The main ideology which fucks up the planet right now is the very same which pretends that life is intrinsically moral.. 

To reduce harm.. how do you even measure it? You're comparing apple and oranges. Reducing harm based on what's hurting your feelings is a selfish and non sequitur decision. If you force me to eat poorly engineered artificial meat, you're not doing better.


----------



## B3LIAL (Dec 21, 2013)

IDontThinkSo said:


> The main ideology which fucks up the planet right now is the very same which pretends that life is intrinsically moral..
> 
> To reduce harm.. how do you even measure it? You're comparing apple and oranges. Reducing harm based on what's hurting your feelings is a selfish and non sequitur decision. If you force me to eat poorly engineered artificial meat, you're not doing better.


I'm not forcing you to eat "poorly engineered artificial meat", you don't have to eat this meat, It's just an alternative, and it's not even a fake meat, IT'S EXACTLY THE FUCKING SAME, just the process is different. 

You could just stop eating meat altogether which would benefit the planet and animals and also your own health.
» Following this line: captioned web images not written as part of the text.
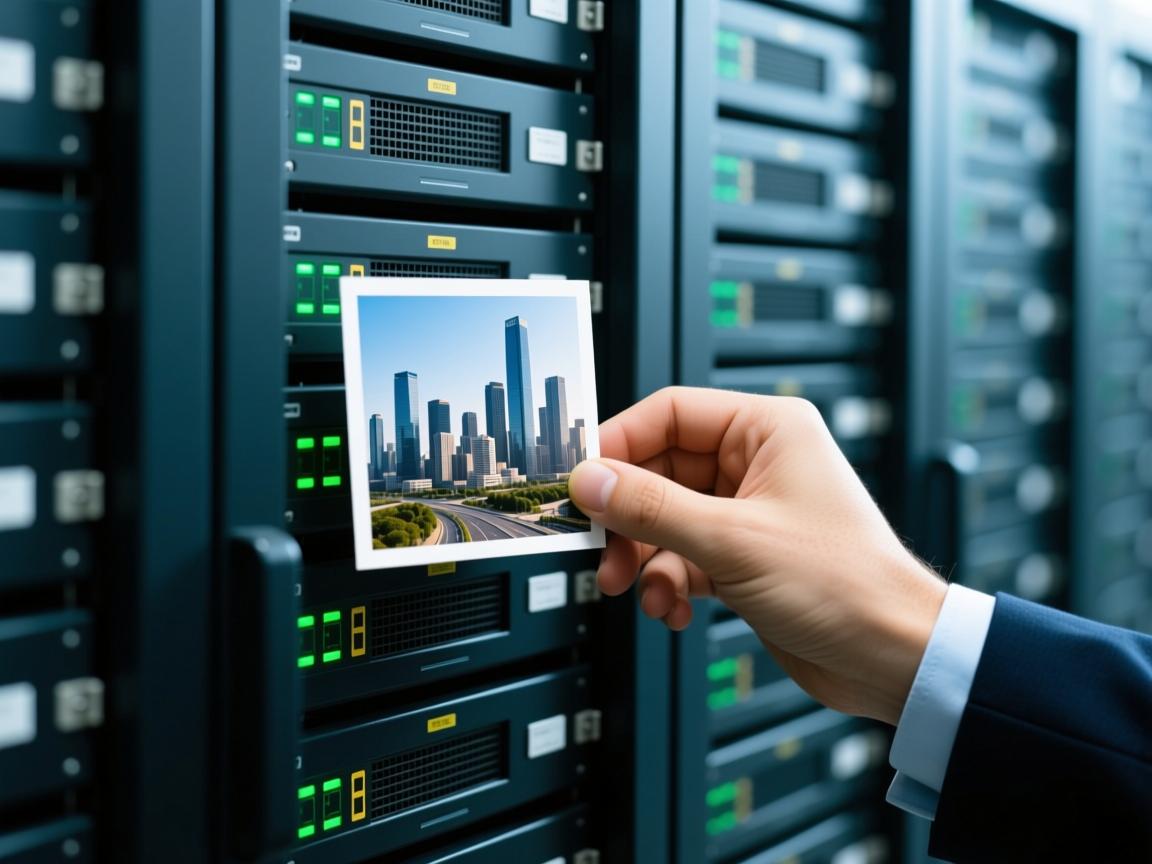 怎么往数据库里面加图片吗  第3张 怎么往数据库里面加图片吗  第3张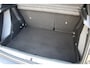 Peugeot e-2008 EV Active 50 kWh | PDC Achter | Bluetooth | Cruise Control
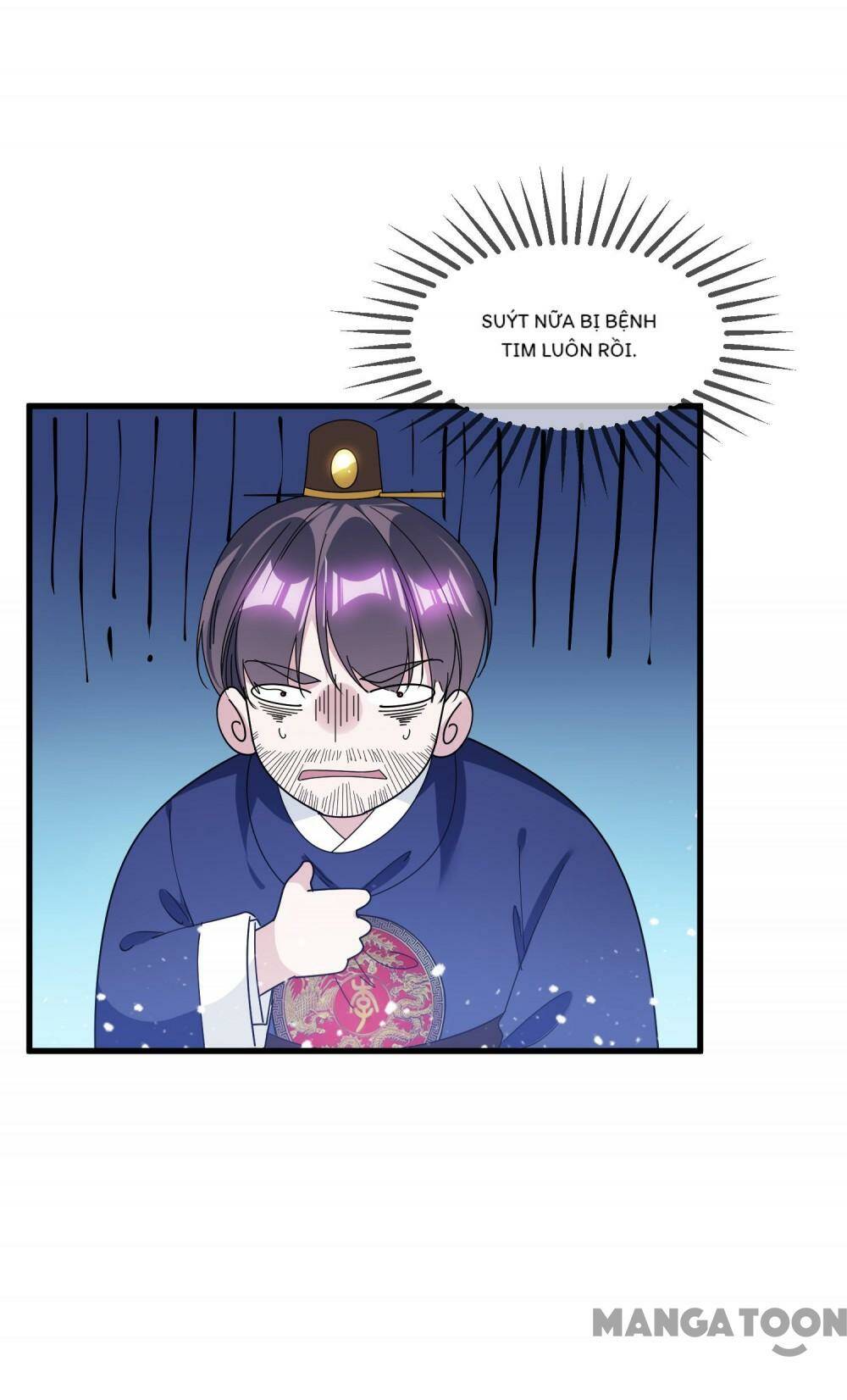 Chương 143 - Trang 38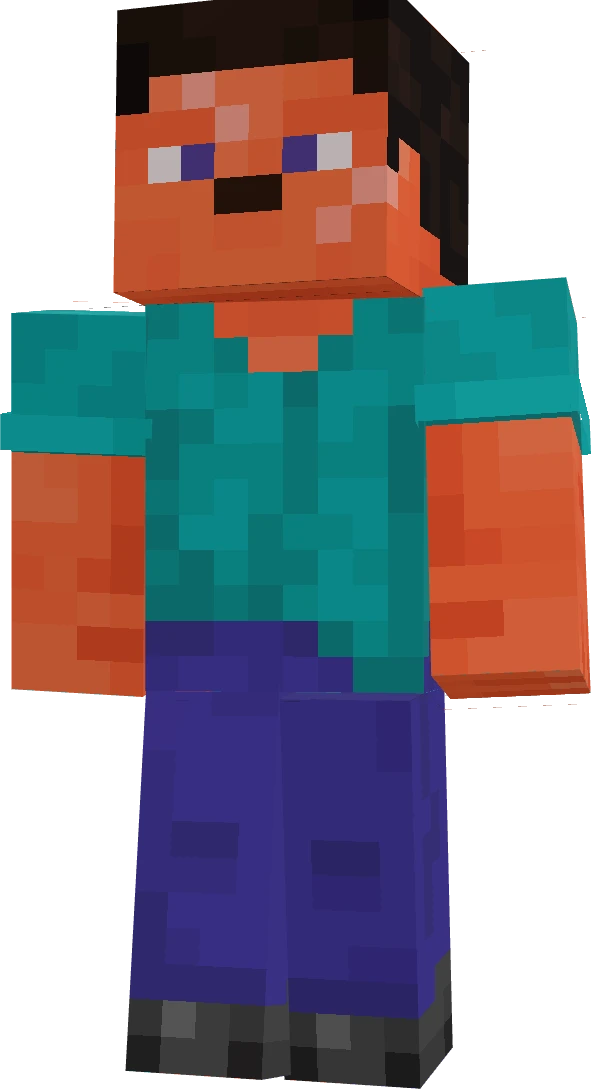 dixie891011's skin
I would never force you to do this, nor call you a bad person for continuing to eat meat, because you should be free to look into the situation yourself.

I'm a vegan for many reasons, but primarily to reduce suffering, and I measure that by how many living organisms are being subjected to pain.

I know we cannot eliminate all suffering, but any loving and empathetic person who grows to understand what's really going on would naturally want to do whatever they could to reduce the amount of suffering they contribute to as much as practically possible. 

If you don't care about animal suffering then I'm not going to hate on you for that, I can't force you to feel empathy, but the only reason an empathetic person who loves animals would continue to eat meat right now is because they are too used to it and find it difficult to give up, or are ignorant and think that it's a necessity.

Greater empathy can come with understanding, and most people simply don't understand the level of sentience in the creatures we primarily victimize, and think they're brain dead, or think they don't suffer as much as they actually do.


----------



## General Lee Awesome (Sep 28, 2014)

B3LIAL said:


> Empathy in itself does have evolutionary benefits, and thankfully we live in a time where we can make a life that revolves around happiness and peace, rather than just survival.
> 
> And I can still empathise with animals but defend myself when needed.


How does what you said refute what I said? if back in the day, you didn't eat animals, the human would have died. So what ever you got is not an evolutionary advantage. 

I am not saying empathy as a whole is not an advantage however your particular empathetic trait that made you empathize this strongly towards animals would have cause humanity to go extinct long before it became a civilization.

It is like the desire to have sex help us survive but desire to have sex with a donkey wouldn't help us survive therefore it is not an advantage.


----------



## B3LIAL (Dec 21, 2013)

johnson.han.3 said:


> How does what you said refute what I said? if back in the day, you didn't eat animals, the human would have died. So what ever you got is not an evoluationary advantage.
> 
> yes empathy to your own species yes. not to animals because had that happened, we would be dead due to lack of food.


I said empathy in itself is an evolutionary advantage because it helps us stick together and the opposite would not benefit the species.

I never said empathy towards animals necessarily has survival advantages, I stated that now we can tap into our empathy and stretch it out towards all life, rather than just our family and friends.

And what you said about having empathy towards animals being detrimental to our survival is wrong because you can still defend yourself if needed, and you can still kill animals if you need to do so, but if you don't need to do so, you can also make a decision out of emapthy not to kill the animal.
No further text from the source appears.